Change control done wrong

Change control has been with the IT industry for a long time. As systems have increased in number the need for change has become more and more pressing. A modern company makes hundreads of changes to their infrastructure every day and the complexity of these environments has increased dramatically.

Change control is one of the original keystones to the problem of managing IT. It's codified into standards like ITIL and many other industry standards, and over time has become the norm at many places. As time has progressed however the notion of controlling change has become slowly more awkward. We cannot increase the number of IT members infinitly, and systems have become bigger every year - this leaves us in the situation where the change control could potentially become the bottleneck of the business.

With configuration management systems we've now given our IT teams the ability to act as a force multiplier. No longer constrained by the speed of human endevour on a 1:1 ratio, we can now safely manage thousands of systems with a single operator.

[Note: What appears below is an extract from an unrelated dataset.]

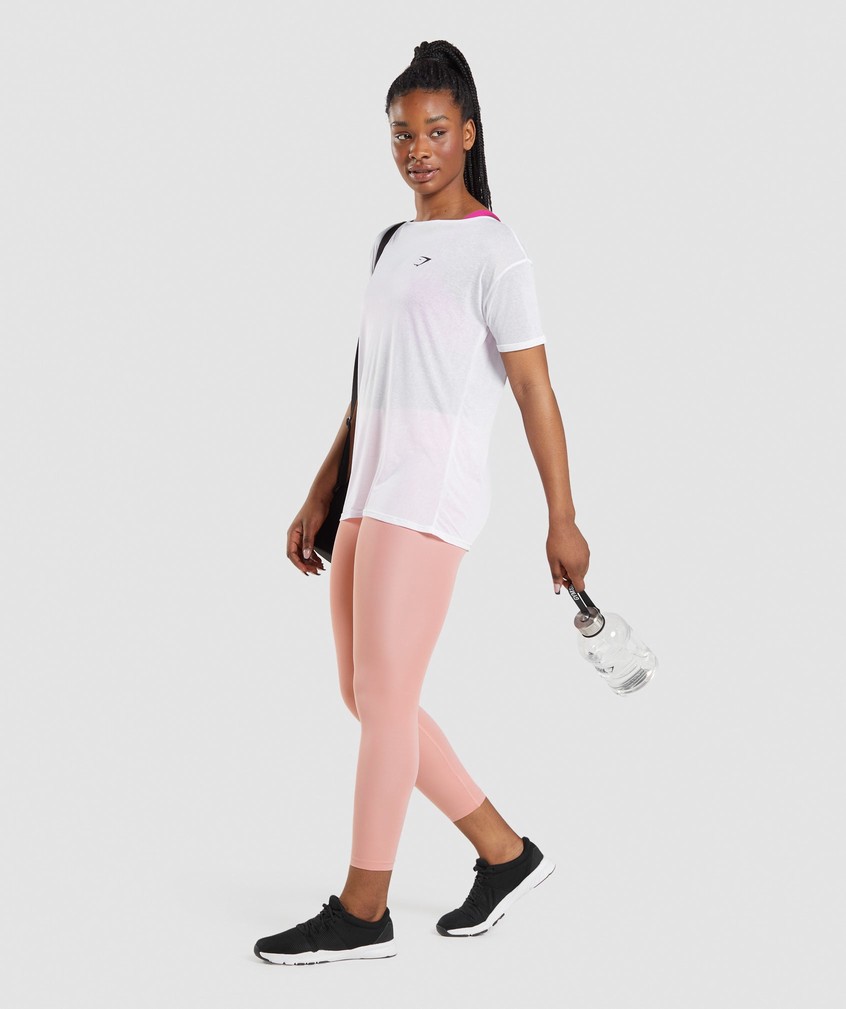 White Women's Gymshark Training Oversized Top T-Shirts | USA-34652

This comes at an expense of course. Change control. You still need to know what's occuring in the infrastructure. This information is still available of course, and in fact is more available than ever if you can make the culture shift of understanding that that configuration held within with the config management system is the infrastructure.

Without naming names, I recently dealt with a client which held that all changes to the systems must be logged. New DNS records, alterations in IP addresses, etc. These 'changes' were then approved by a single person, and these were then actioned. As you can imagine several breakdowns in this system occured. a) the person doing the approvals often didn't log their own changes. b) changes were often logged after the change was made to save time. c) changes logged before the scope of the issue was fully understood created inaccurate logged changes. d) the obvious single point of failure in the approval process.

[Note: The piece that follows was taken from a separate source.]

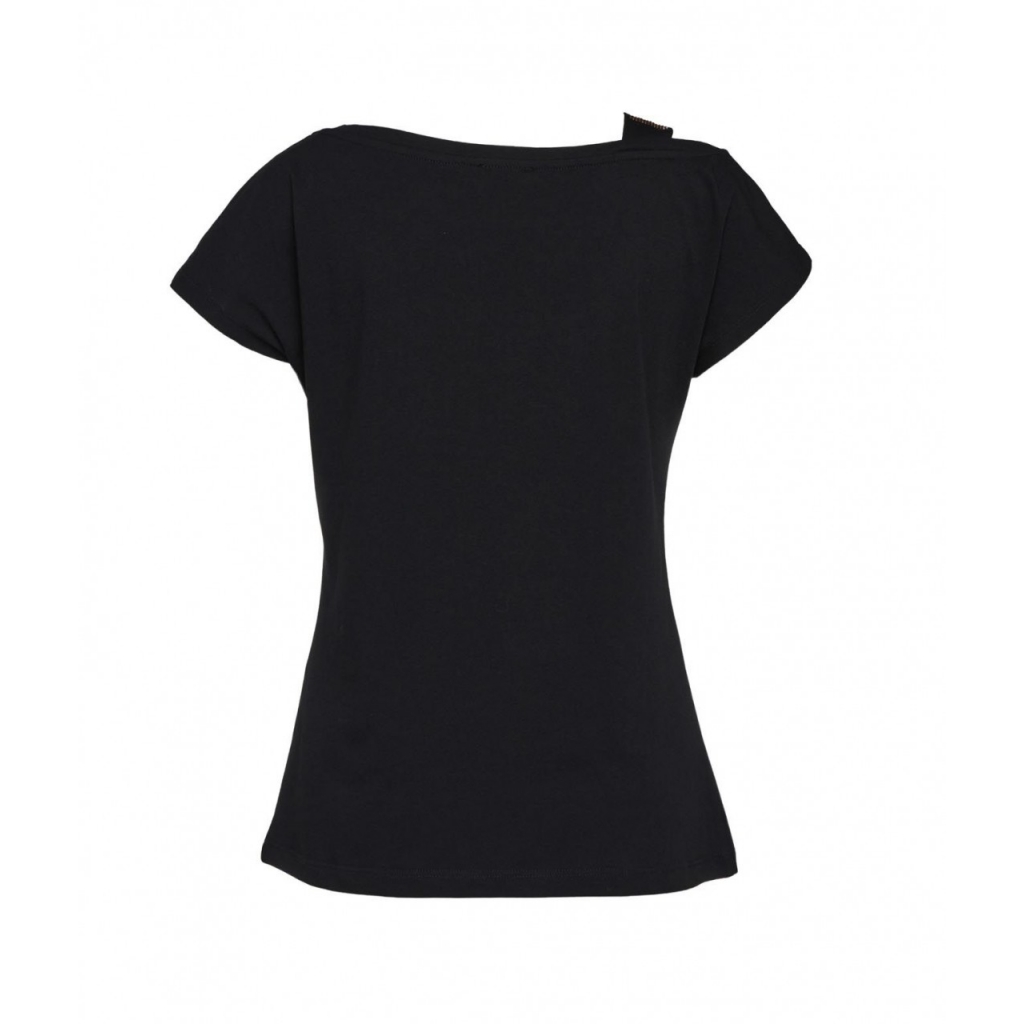 T-Shirt con spallina in strass nero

These issues were mostly failures in the execution of the idea, not in the idea itself. In my opinion there are more fundimental issues with such a system though. Mainly that the system does not log changes at all, it logs intentions. While intentions to make changes may seem at first glance like a change - it isn't.

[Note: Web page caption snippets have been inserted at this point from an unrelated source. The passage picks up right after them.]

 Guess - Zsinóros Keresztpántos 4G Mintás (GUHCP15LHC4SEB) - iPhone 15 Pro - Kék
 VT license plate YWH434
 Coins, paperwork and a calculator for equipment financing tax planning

For instance you have an issue with the disk space filling up - this is how it should be handled:

  • log a change that the disk will be increased in size: approve change: make change
  • find out the issue wasn't the disk being too small, but the app logging too much
  • log a revert of the previous change: approve revert: revert change
  • log a change to change app logging: approve change: make change
  • rinse, repeat.

When written down like this it seems nonsensical, and it really is - but this scenario plays out every day in a badly managed change control ecosystem. There are a few key aspects missing from the example scenario's environment which would greatly improve the situation:

  • configuration management
  • testbed environment

In short, you need to be making alterations in the testbed environment and then duplicating these changes into the production one. The approval comes at the time of applying the now-known-correct fix, not at the break-fix stage. The main issue however is not having a testing environment...You simply cannot conjour up fixed to issues in the production environment without knowing the fix worked in a testbed one, but you cannot have a testbed environment if you've no way to easily spin one up - namely configuration management.

This makes deploying configuration management into an existing production environment very hard indeed. However I believe the improvements to the workflow that occur when a testbed environment exists is invaluable.